■ **The task**: Word for word, repeat the data; no picture should appear in the result.

■ **Provided data**:
══════════
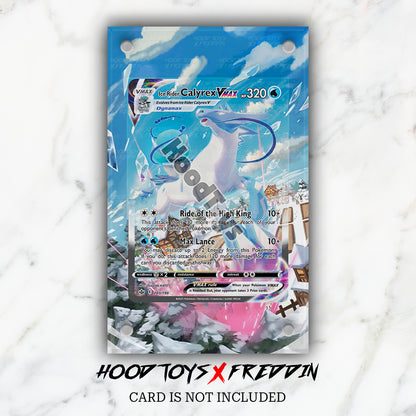 Ice Rider Calyrex VMAX #203 | FREDDIN Full Art Case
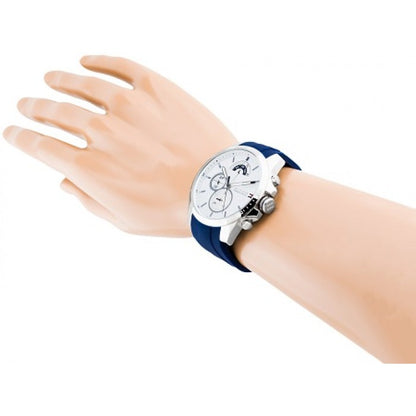 TOMMY HILFIGER Mod. 1791349 Gent's Quartz Analog Watch with 24h Function and 5 ATM Water Resistance, shown on a mannequin hand.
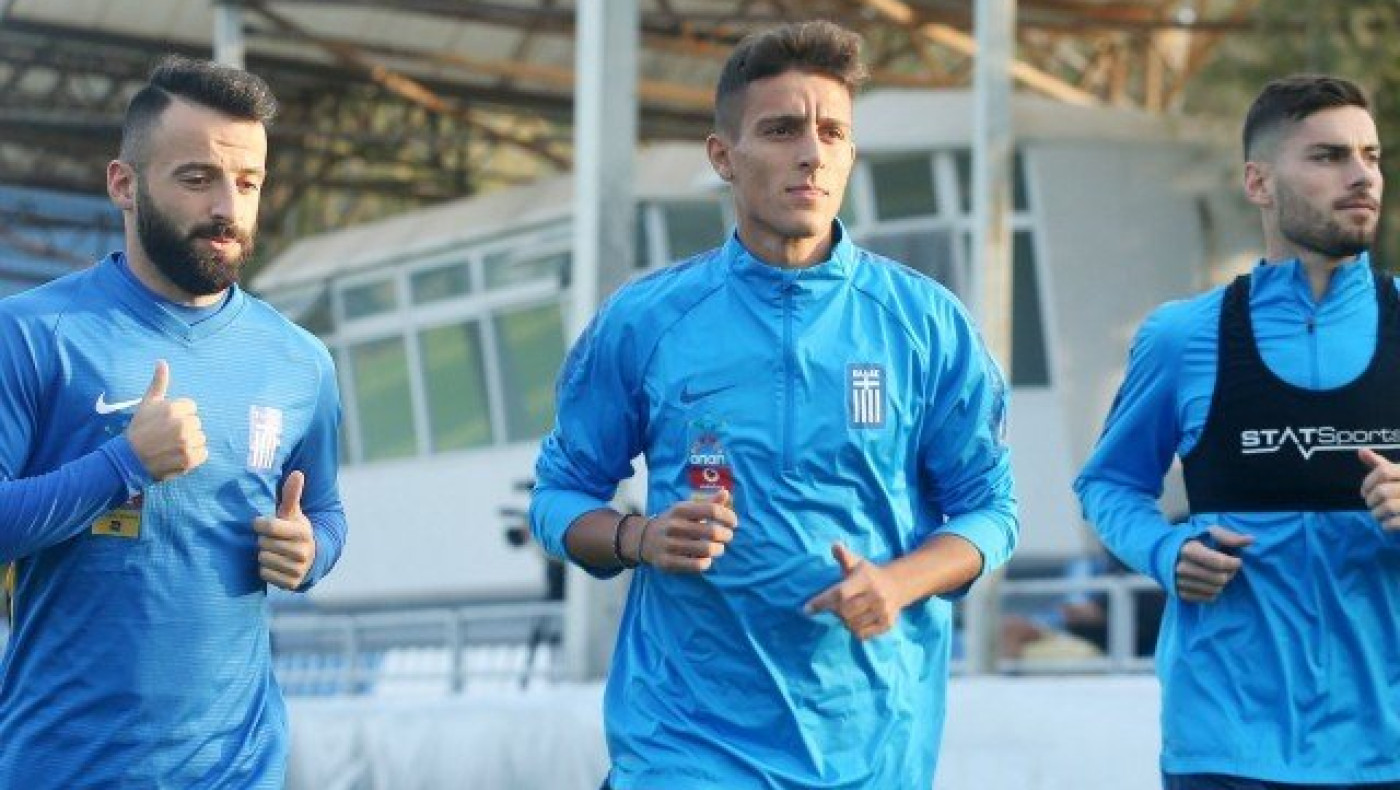 Άρχισε η προετοιμασία της Ελλάδας για Ιταλία με Γιαννούλη!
══════════
■ **Answer to this task**:
 Ice Rider Calyrex VMAX #203 | FREDDIN Full Art Case
 TOMMY HILFIGER Mod. 1791349 Gent's Quartz Analog Watch with 24h Function and 5 ATM Water Resistance, shown on a mannequin hand.
 Άρχισε η προετοιμασία της Ελλάδας για Ιταλία με Γιαννούλη!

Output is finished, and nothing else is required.